PROBLEM REQUIREMENTS:
Extract, exactly as written, the line that contains "Supreme COST FUCKED" and all lines after it through the end of the records. Omit pictures.
+++ PROVIDED INFORMATION
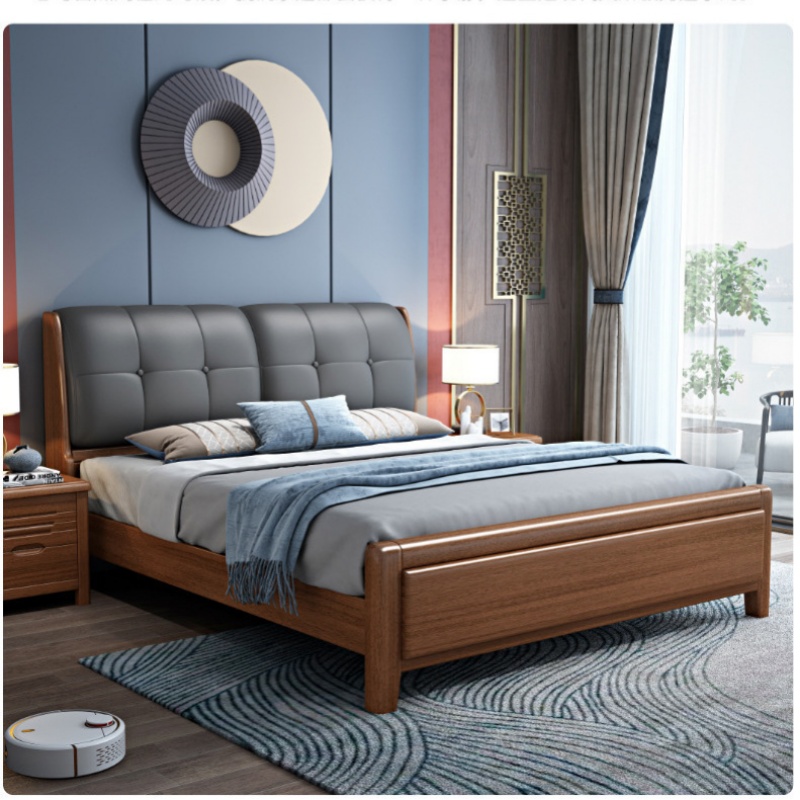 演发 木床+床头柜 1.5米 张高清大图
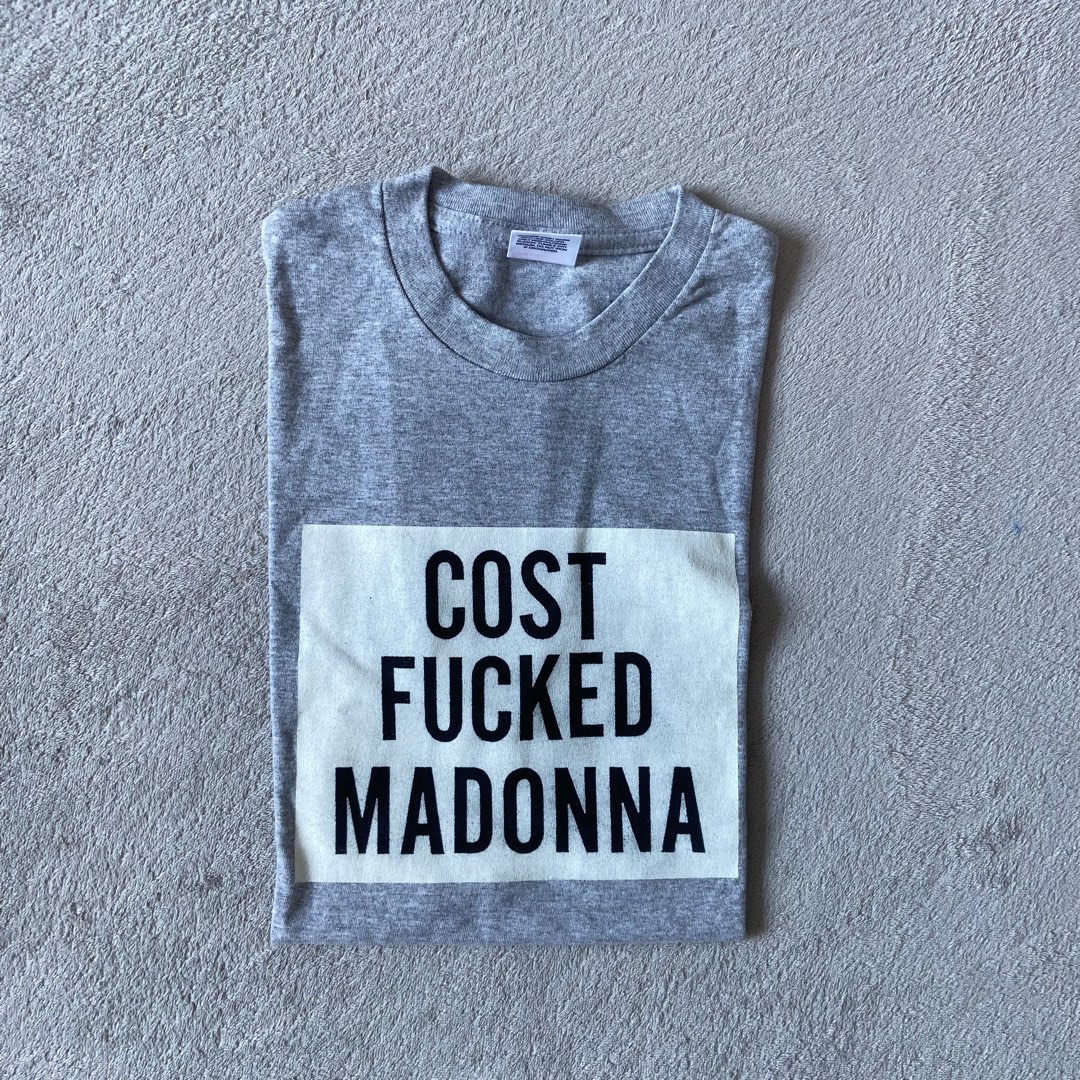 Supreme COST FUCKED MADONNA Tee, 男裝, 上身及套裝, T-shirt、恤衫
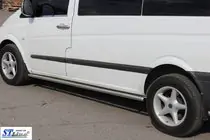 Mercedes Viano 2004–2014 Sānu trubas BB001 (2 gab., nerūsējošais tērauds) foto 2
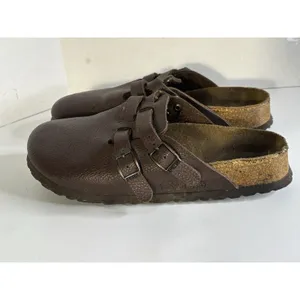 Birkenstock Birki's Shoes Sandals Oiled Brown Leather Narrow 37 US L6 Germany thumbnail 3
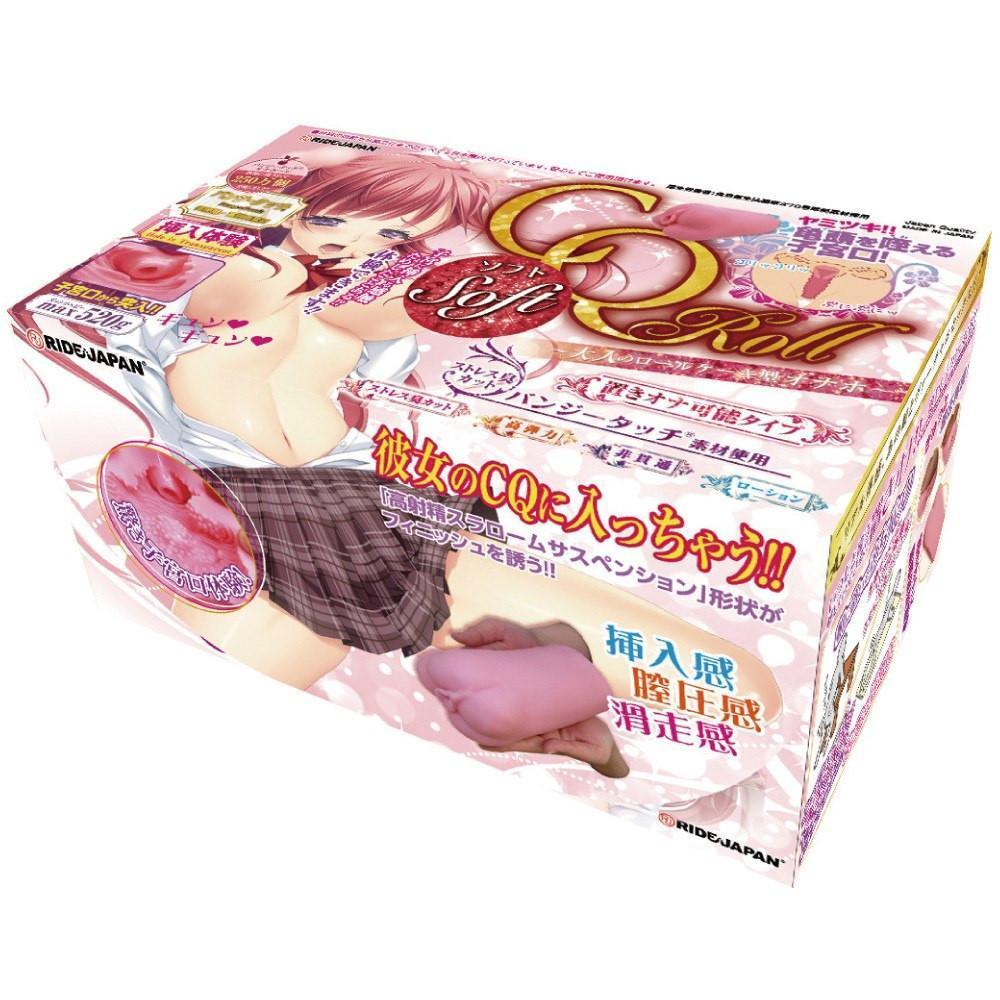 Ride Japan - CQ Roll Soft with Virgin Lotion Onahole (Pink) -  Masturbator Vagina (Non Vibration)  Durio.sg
++++++
EXERCISE SOLUTION:
 Supreme COST FUCKED MADONNA Tee, 男裝, 上身及套裝, T-shirt、恤衫
 Mercedes Viano 2004–2014 Sānu trubas BB001 (2 gab., nerūsējošais tērauds) foto 2
 Birkenstock Birki's Shoes Sandals Oiled Brown Leather Narrow 37 US L6 Germany thumbnail 3
 Ride Japan - CQ Roll Soft with Virgin Lotion Onahole (Pink) -  Masturbator Vagina (Non Vibration)  Durio.sg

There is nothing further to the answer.